Podcast Summary: "Inside NBCUniversal’s Test to Use AI Agents to Sell Ads Against a Live NFL Game"
Podcast: The Digiday Podcast
Host(s): Kamiko McCoy (Senior Marketing Reporter), Tim Peterson (Executive Editor of Video & Audio at Digiday)
Guest: Ryan McConville (Chief Product Officer & EVP of Ad Products and Solutions, NBCUniversal)
Date: February 3, 2026
Main Theme & Purpose
This episode delves into NBCUniversal’s groundbreaking proof of concept using agentic AI to buy and sell advertising inventory—specifically for a live NFL playoff game, one of the most valuable ad opportunities in TV. The discussion addresses the current state of AI agents in ad transactions, the intricacies and challenges of automating the traditional TV and streaming ad sales process, and the implications for buyers, agencies, and viewers.
Key Discussion Points and Insights
1. The State of AI Agents in Ad Transactions
[00:34 – 02:21]
- Before NBCUniversal's experiment, the consensus in the industry was that AI agents were limited to planning, reporting, and data analysis, but not actual ad transactions.
- NBCUniversal, with partners RPA, Noon Research, and Freewheel, set out to prove that AI agents could participate in the sales process for top-tier media events—including both traditional TV and streaming.

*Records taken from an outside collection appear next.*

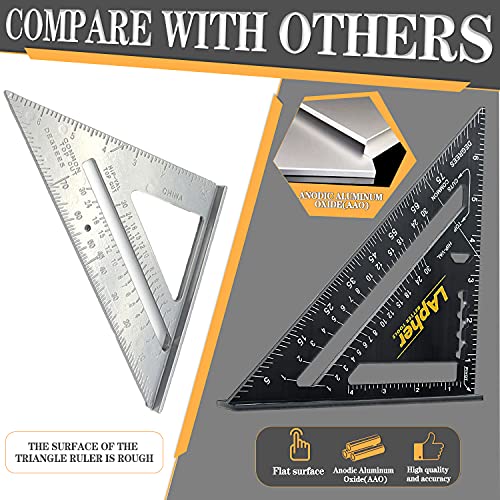 LApher 7" Imperial Units Anodic Aluminum Oxide(AAO) Triangle Rafter Square Angle Ruler Carpenter Protractor, Measuring Layout Tool with A Woodworking Pencil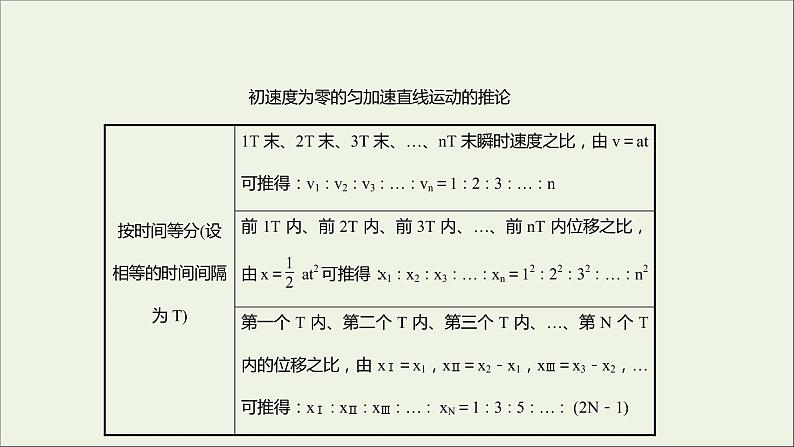 2022-2023年人教版(2019)新教材高中物理必修1 第2章匀变速直线运动的研究习题课2匀变速直线运动的六个比例关系课件第3页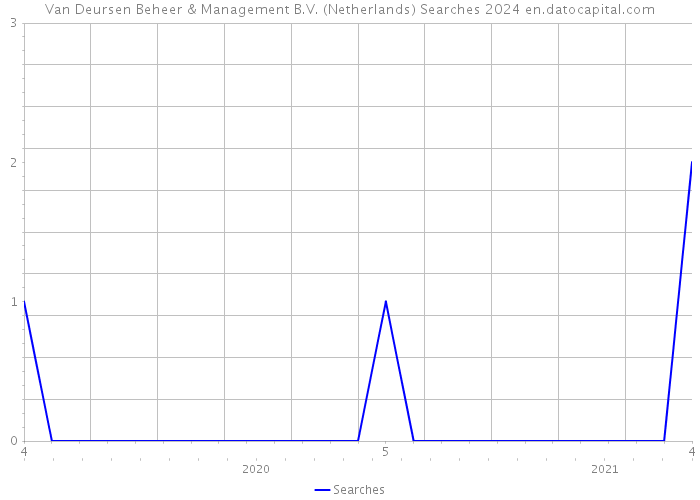 Van Deursen Beheer & Management B.V. (Netherlands) Searches 2024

"At the time they were all just like, maybe one day, but not today. ... When it comes to the point of transaction, no, we're not there yet. In fact, we're far from it." – Tim Peterson (00:34)
2. Why Start with Live Sports and TV?
[02:21 – 06:59]
- Live sports like the NFL are among the most valuable and complex advertising environments, making automation both challenging and vital.
- Linear (traditional) TV is still 80% of impressions, but much of it isn’t digitized or available programmatically; agentic AI expands the reach beyond what “programmatic” can do.
- The aim is not to replace programmatic, but provide more options and greater operational efficiency across linear, streaming, and hybrid deals.
"We're able to use the technology to show the potential...to automate the full TV buying process, all encompassing." – Ryan McConville (03:13)
3. Technical Implementation: Seller and Buyer Agents
[06:59 – 14:12]
- Seller agents were created for both NBCU’s linear inventory and Freewheel's digital streaming (Peacock).
- These AI agents accessed proprietary APIs to pull available ad units, forecast impressions, package deals, and even simulate identity-backed reach forecasts—tasks typically performed by humans with spreadsheets and dashboards.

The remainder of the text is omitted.